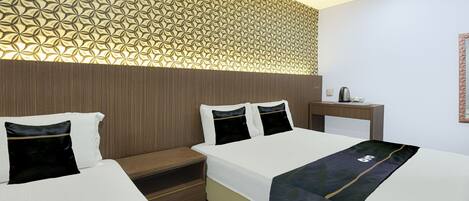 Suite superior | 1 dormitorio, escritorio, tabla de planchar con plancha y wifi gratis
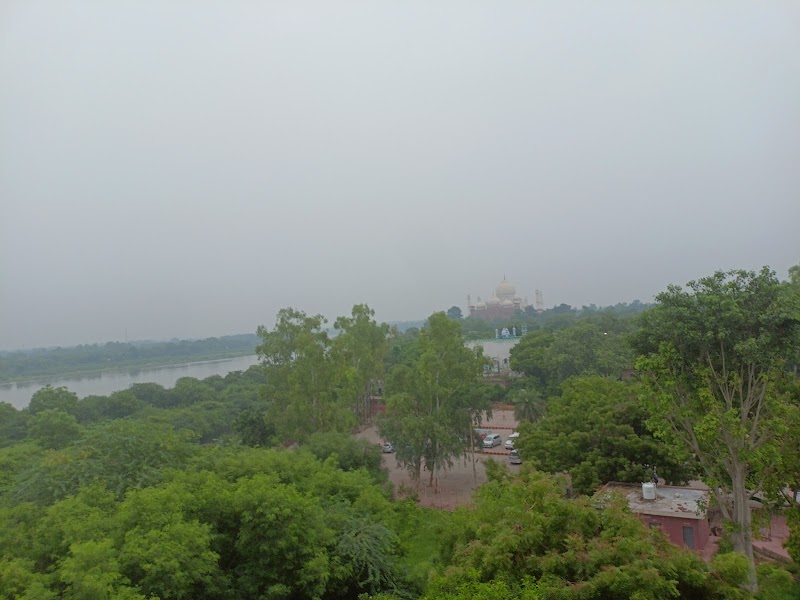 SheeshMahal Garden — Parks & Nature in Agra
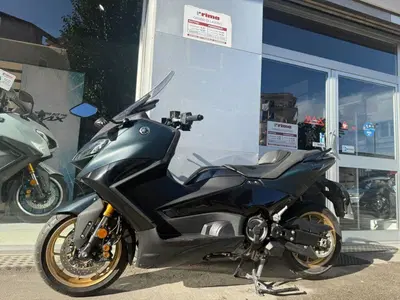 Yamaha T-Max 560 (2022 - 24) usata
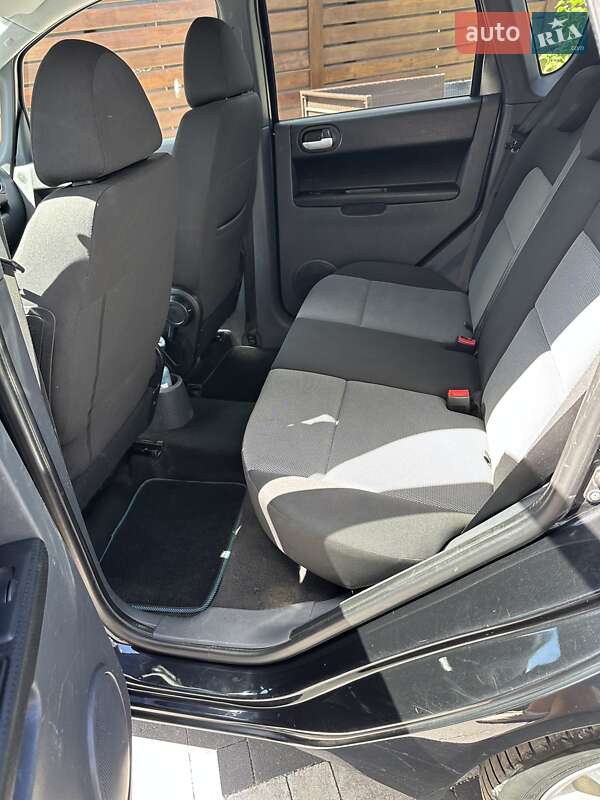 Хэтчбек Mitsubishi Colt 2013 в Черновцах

→ **About this exercise**: Each line above must be repeated exactly in the answer, with pictures omitted.

→ **Exercise answer**:
 Suite superior | 1 dormitorio, escritorio, tabla de planchar con plancha y wifi gratis
 SheeshMahal Garden — Parks & Nature in Agra
 Yamaha T-Max 560 (2022 - 24) usata
 Хэтчбек Mitsubishi Colt 2013 в Черновцах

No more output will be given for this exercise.